Итак, староста артели Григорий приказал возчикам собираться в путь, чтобы добраться засветло до следующей ночевки. Мы попросили его подождать, когда приведут наших лошадей, чтобы ехать всем вместе. Он охотно согласился.
Смотритель подбросил в очаг несколько еловых и березовых веток, которые вспыхнули ярким пламенем, а мы пододвинулись к очагу, чтобы погреться перед дорогой. Вдруг мы услышали, как застучали подковы лошадей. В ту же минуту в комнату вбежал озябший мальчик и принялся жаловаться на мороз.
Тотчас же нам заложили лошадей, и у ворот избы растянулся длинный караван – одни сани за другими.
Глава двадцатая
Мы отъехали верст на двенадцать от деревни, когда совсем рассвело. Впереди были Уральские горы, кругом глубокий снег. Чтобы убедиться, не сбились ли мы с пути, Григорий порой вылезал из саней и нащупывал дорогу шестом; проделав это, он объявлял, что можно ехать дальше. Если нам попадались речонки, он прежде всего исследовал прочность льда.
Когда подъем становился очень крут, возчики по приказу Григория впрягали несколько лошадей в одни сани.
Затем, когда эти сани брали подъем, лошадей впрягали в следующие сани, и так далее, пока, наконец, не переправлялся весь караван. Конечно, такая езда отнимала много времени, и мы очень медленно подвигались вперед. Возчики относились к нам очень дружественно и всячески старались услужить.
Далее дорога стала еще труднее. Мы ехали шагом, а впереди нас шли два возчика с длинными шестами в руках, которыми они исследовали грунт.
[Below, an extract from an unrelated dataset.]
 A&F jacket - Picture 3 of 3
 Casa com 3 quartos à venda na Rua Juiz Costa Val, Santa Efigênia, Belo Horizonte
Григорий взял одну из наших лошадей под уздцы и сам повел ее, делая все время зарубки на деревьях для того, чтобы таким образом наметить обратный путь. Я воспользовался случаем немного размять затекшие ноги и также пошел пешком.
Поднимаясь все время в гору, к вечеру мы добрались до прогалины в лесу. Место вполне подходило для ночевки. Луиза сидела в санях, хорошо укутанная, и нисколько не страдала от холода. Однако провести ночь под открытым небом мы не решились. По совету Григория все принялись за постройку убежища. Топоры у нас были, мы срубили тотчас же несколько деревьев и соорудили нечто вроде хижины для защиты от ветра. Внутри нее зажгли костер и стали готовить ужин.